L’idée n’est pas neuve. Les premiers programmes ont été mis en place dans les années 60, et ressurgissent régulièrement après chaque tragédie. Ils ont été organisés à une très large échelle par deux fois en Australie, non pas sur la base du volontariat comme aux Etats-Unis, mais rendus obligatoire, et financée par une taxe de solidarité exceptionnelle. D’après la police de New York, qui organise régulièrement ce type d’opération depuis cinq ans, ces “buybacks programms” sont efficaces et contribuent à diminuer la violence.
Critiques récurrentes
Mais les critiques sont récurrentes. D’après Jon Vernick, un chercheur à l’Université John Hopkins, qui a travaillé sur le sujet, il n’y a aucune corrélation avérée entre les opérations “buybacks” et la baisse de la criminalité. D’après lui, cet argent public pourrait être mieux utilisé, à des fins préventives notamment. Il n’est pas le seul à dénoncer l’effet d’aubaine, soulignant que les armes rendues, vieilles et souvent hors d’usage, ne sont en général pas les plus dangereuses, et que ceux qui les rapportent, des femmes, et des personnes âgées, n’ont pas précisément le profil de ceux qui sont prioritairement ciblés…
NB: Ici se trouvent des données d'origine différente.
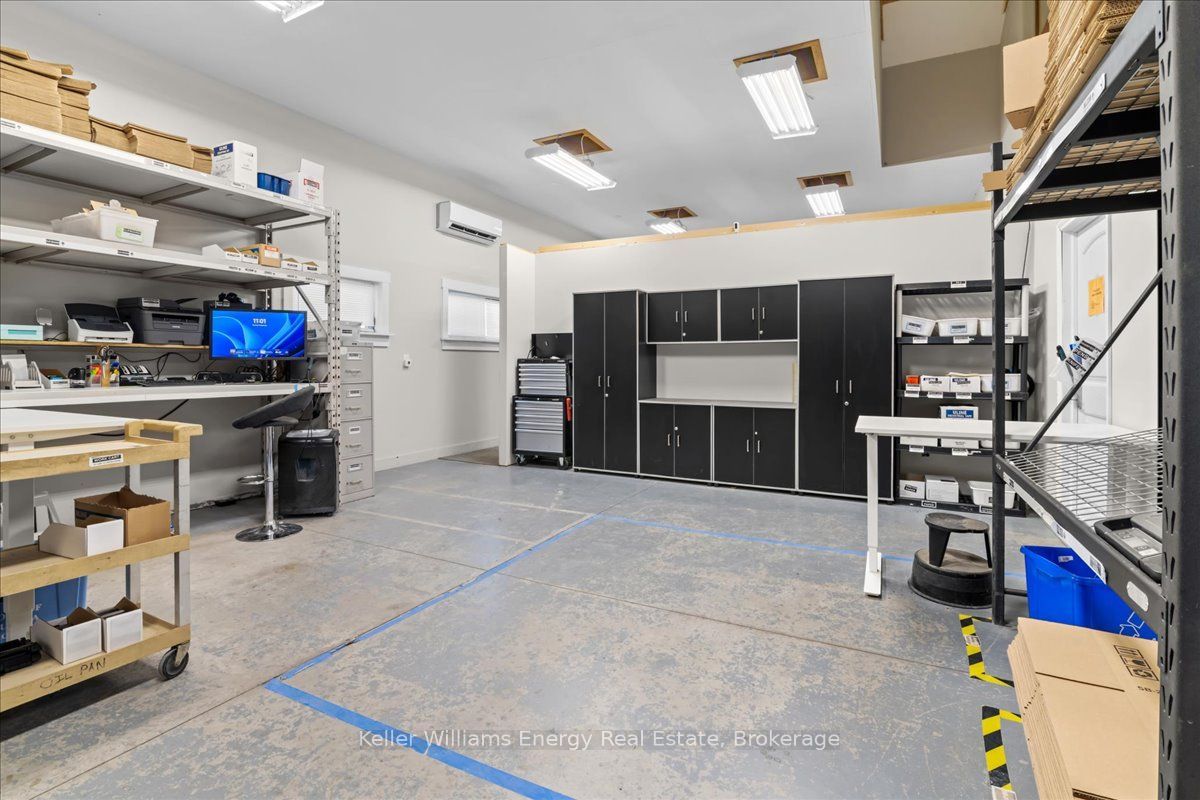 1786 Matchett Line Property Photo 35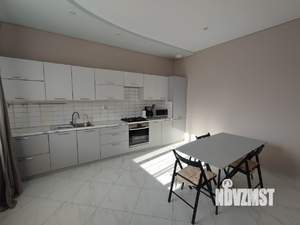 Коттедж 168м², 1-этажный, участок 4 сот.  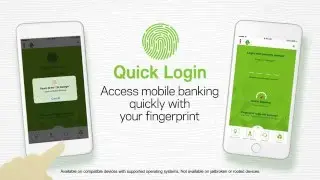 St.George Mobile Banking App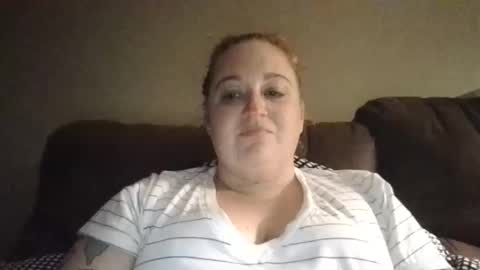 Ho-verdrive online show from 26, 11, 2025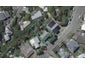 19 Takahe Drive, Cashmere, Christchurch - Carousel 1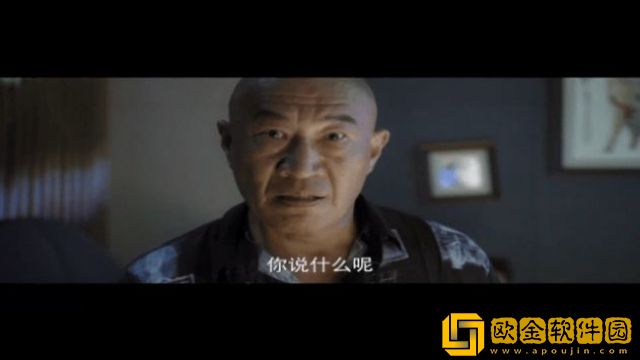 青青河边草高清免费观看纯净版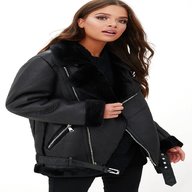 aviator jacke gebraucht kaufen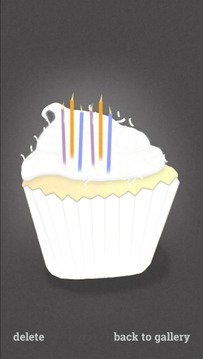 Cupcake Collective游戏截图5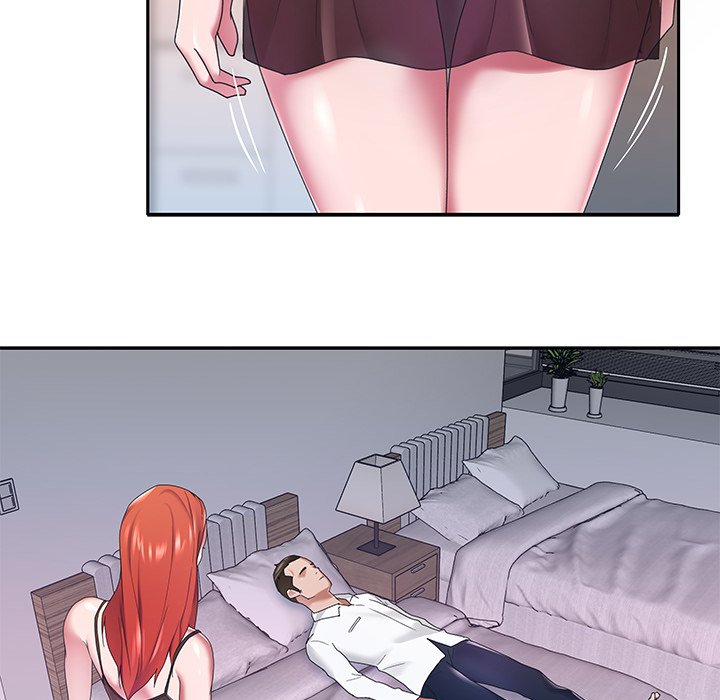 Maid - Chapter 11 [photo 27] - MangaPorn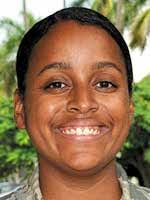 Big-name celebrities to rock Joint Base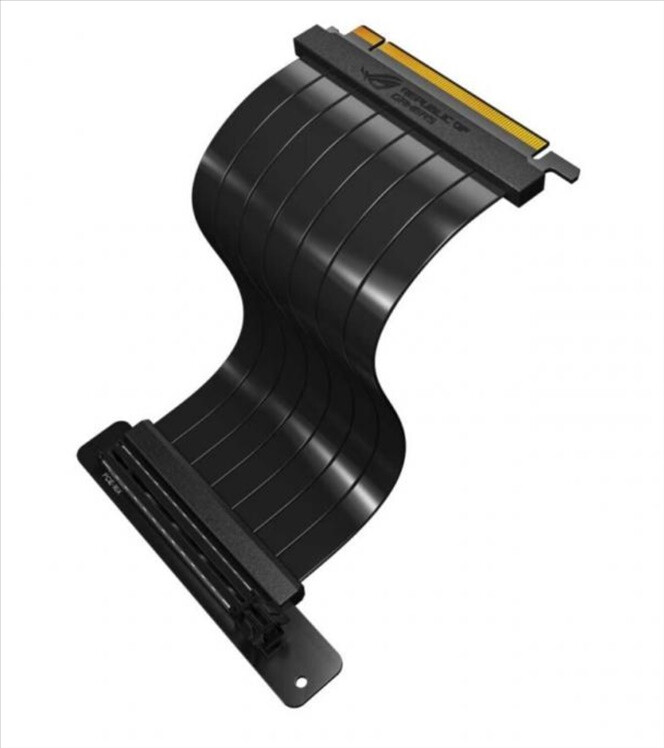 ASUS ROG Strix Riser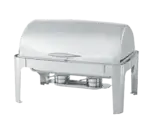 Vollrath T3500 Chafing Dish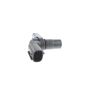 VEMO V70-72-0135 RPM Sensor, automatic transmission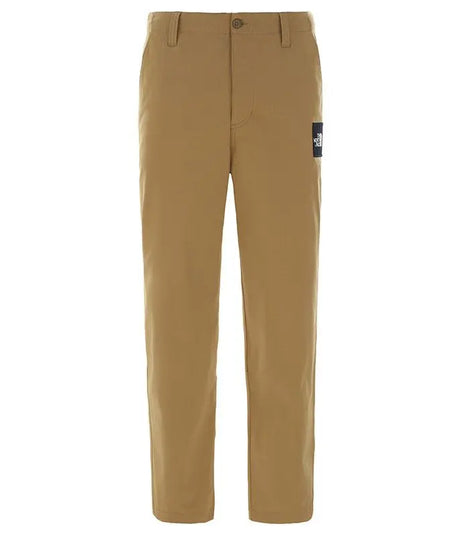 Pantaloni The North Face M Side Slack   Pantaloni The North Face M Side Slack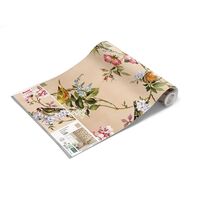 Fototapeet Concert de Demain LJX4-003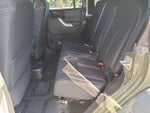 2015 Wrangler Unlimited Thumbnail 21
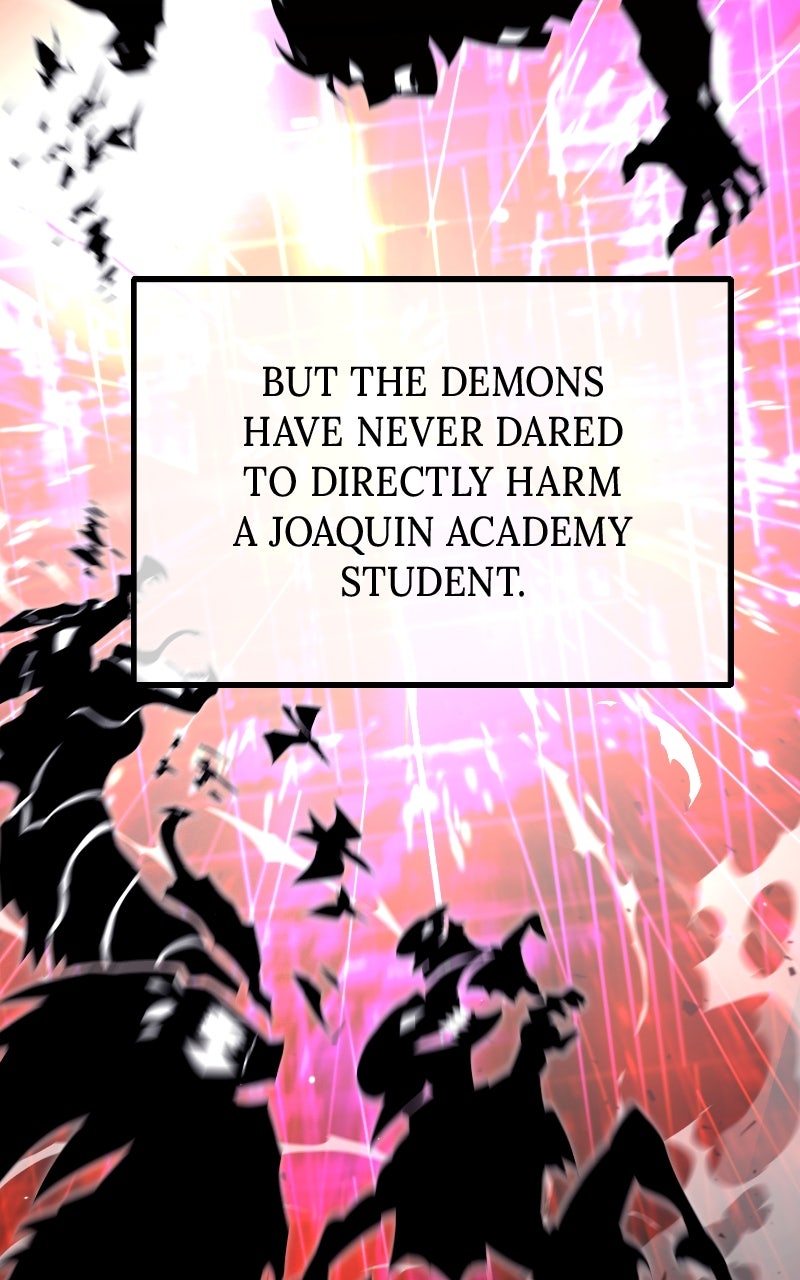 Read The Academy’sSashimi Sword Master chapter 22 image 89 on Lezhin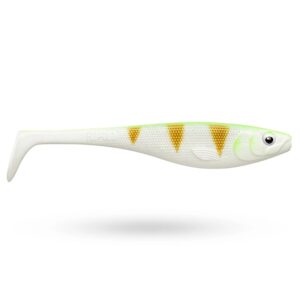 Rapala Soft Peto 16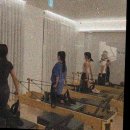 프리미엄 맞춤 레슨, 동탄필라테스 쏠레이필라테스 후기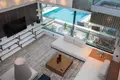 Maison 5 chambres 453 m² Grad Zadar, Croatie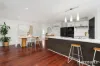 8 Krista Court, Cardiff South, NSW 2285-Image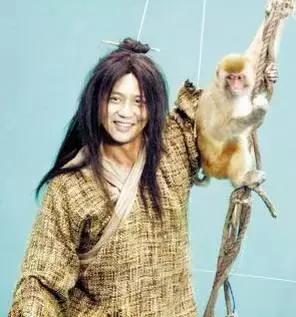 又双叒叕翻拍了！两位新晋小鲜肉你更看好谁？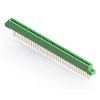 Edgeboard Connectors - 151-833-043-542-104-ND - DigiKey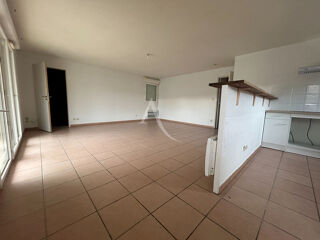  Maison  vendre 4 pices 79 m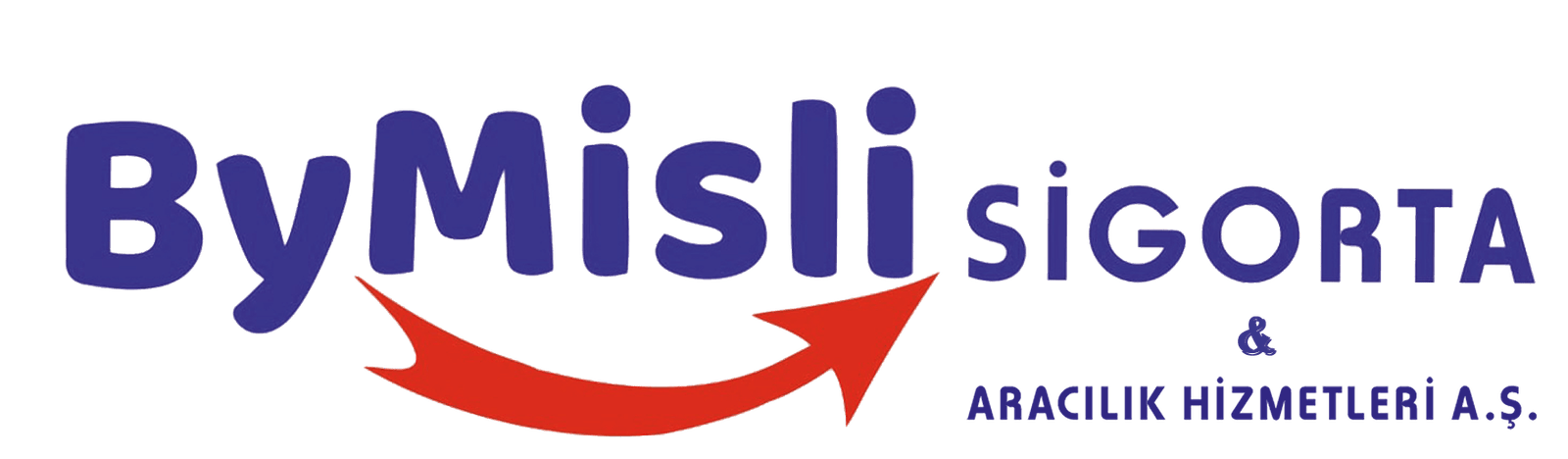 misli_logo2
Autre effet pervers, le marché parallèle : depuis le massacre de Newtown, les prix des armes à feu explosent. Collectionneurs et autres amoureux des armes à feu se précipitant en masse dans les magasins dans la crainte d’une régulation des pouvoirs publics. Résultat : on a vu dans certaines villes, comme à Seattle, des rabatteurs privés venir les poches pleines de cash, démarcher les candidats au “buyback” jusque dans la file d’attente…
Combien de vies sauvées ?
Difficile de dire au final combien de vies ces programmes ont sauvé. Combien de suicides, combien d’attaques à mains armées ont été évités. Ni de mesurer l’impact à long terme, la valeur éducative de ces programmes.
Il y a 310 millions d’armes à feu en circulation dans le pays. 4 millions de nouvelles armes qui arrivent sur le marché chaque année. Dans la seule ville de Chicago, il y a au moins un meurtre par balle chaque jour. Plus de 500 homicides l’an passé.
Faute de solution miracle, dans ce pays si viscéralement attaché à ce second amendement, peut-être faut-il juste s’en tenir a ce qu’a dit ce pasteur de l’Illinois: “Si ces programmes peuvent contribuer à sauver ne serait-ce qu’une vie, ça vaut la peine de le faire. Imaginez juste que ce soit la votre”.